Just noticed something interesting happening with banking stocks heading into late Q2 2026 – turns out last year's banking sector performance was absolutely stellar, hitting profit levels we haven't seen in over a decade. That kind of momentum tends to stick around, and it's making me think more carefully about how to play this sector.



So here's what drove that surge: Banks managed their deposit costs really well despite all those Fed rate cuts, which kept their net interest margins solid. Credit quality stayed surprisingly healthy – loan defaults stayed low, which helped the bottom line. Plus you had this wave of M&A activity and trading volatility that pumped up non-interest income across the board.

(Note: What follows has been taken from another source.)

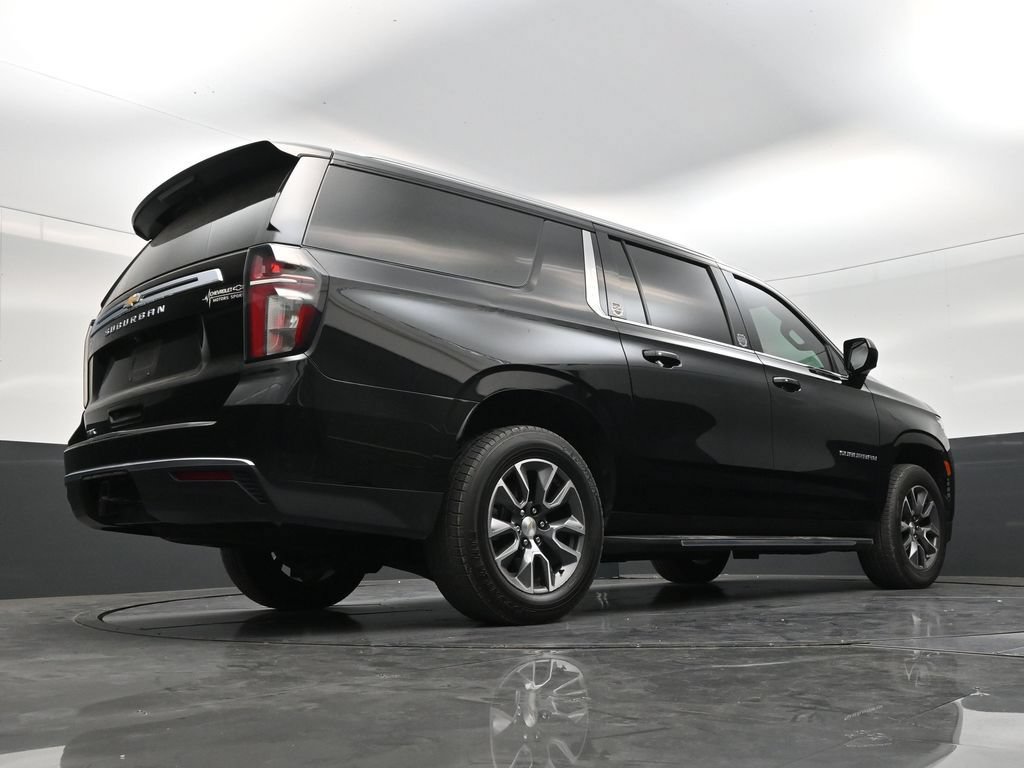 Used 2024 Chevrolet Suburban LS RWD image 24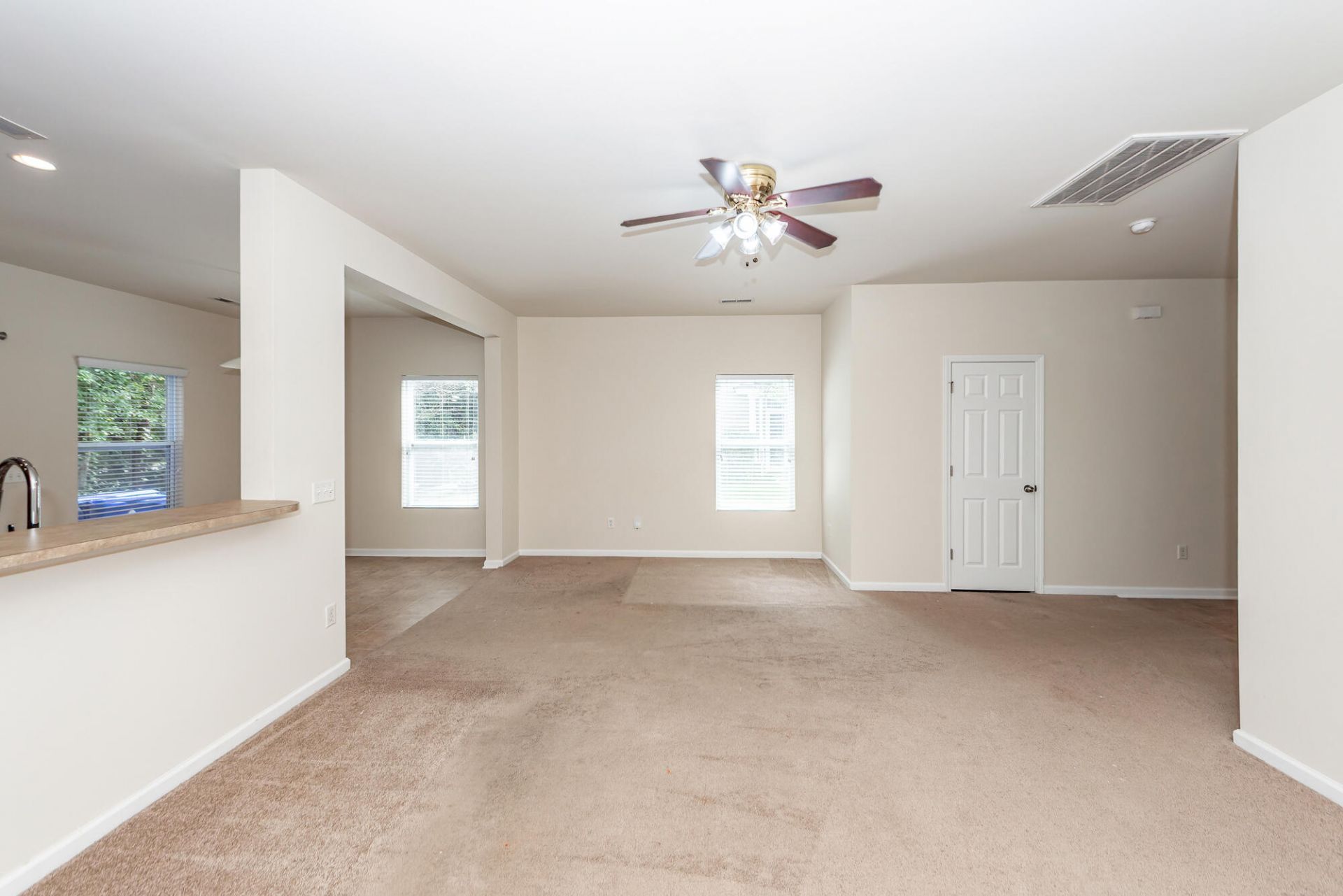 1629 Cristalino Circle Photo 7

It's the kind of perfect storm that doesn't happen every year.

Now, a lot of people are asking me whether banking is still a play for 2026. Honestly, I think the answer is yes, but with a twist. The easy gains from regulatory tailwinds and onshoring are already priced in. What we're looking at now is more sustainable – AI productivity improvements, steadier credit conditions, stronger capital positions. The growth pace might cool from last year's spike, but healthy margins should persist.

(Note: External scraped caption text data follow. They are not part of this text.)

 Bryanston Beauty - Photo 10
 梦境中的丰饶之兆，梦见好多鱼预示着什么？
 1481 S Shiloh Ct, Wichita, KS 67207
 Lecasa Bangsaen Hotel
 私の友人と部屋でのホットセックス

Here's the thing though: If you're trying to get exposure without betting the farm on a single bank's credit quality or management risk, banking ETFs are starting to look pretty compelling. You get the whole industry's margin potential without the single-stock volatility.

I've been watching a few of these funds pretty closely. The First Trust NASDAQ Bank ETF (FTXO) holds 49 banking companies and had that 21.6% run last year – top holdings are Citigroup, Wells Fargo, and Bank of America. The State Street SPDR S&P Bank ETF (KBE) is broader with 102 holdings across different banking segments, charged 35 basis points, and hit 15.4% YTD last year. Then there's the Invesco KBW Bank ETF (KBWB) – this one's more concentrated with 26 holdings heavy on the investment banking side, featuring Goldman Sachs and Morgan Stanley. That one actually rallied hardest at 31.4% last year.

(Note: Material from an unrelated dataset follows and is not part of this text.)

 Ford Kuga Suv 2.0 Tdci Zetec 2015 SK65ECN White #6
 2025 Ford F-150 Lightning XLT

The beauty of banking ETFs for portfolio construction is they let you capture the sector's overall profit potential while spreading the risk. Whether it's the mega-cap investment banks or the regional players, you're getting diversified exposure to the whole ecosystem. For anyone building a 2026 portfolio, this feels like a reasonable way to stay engaged with what's still shaping up to be a solid banking year.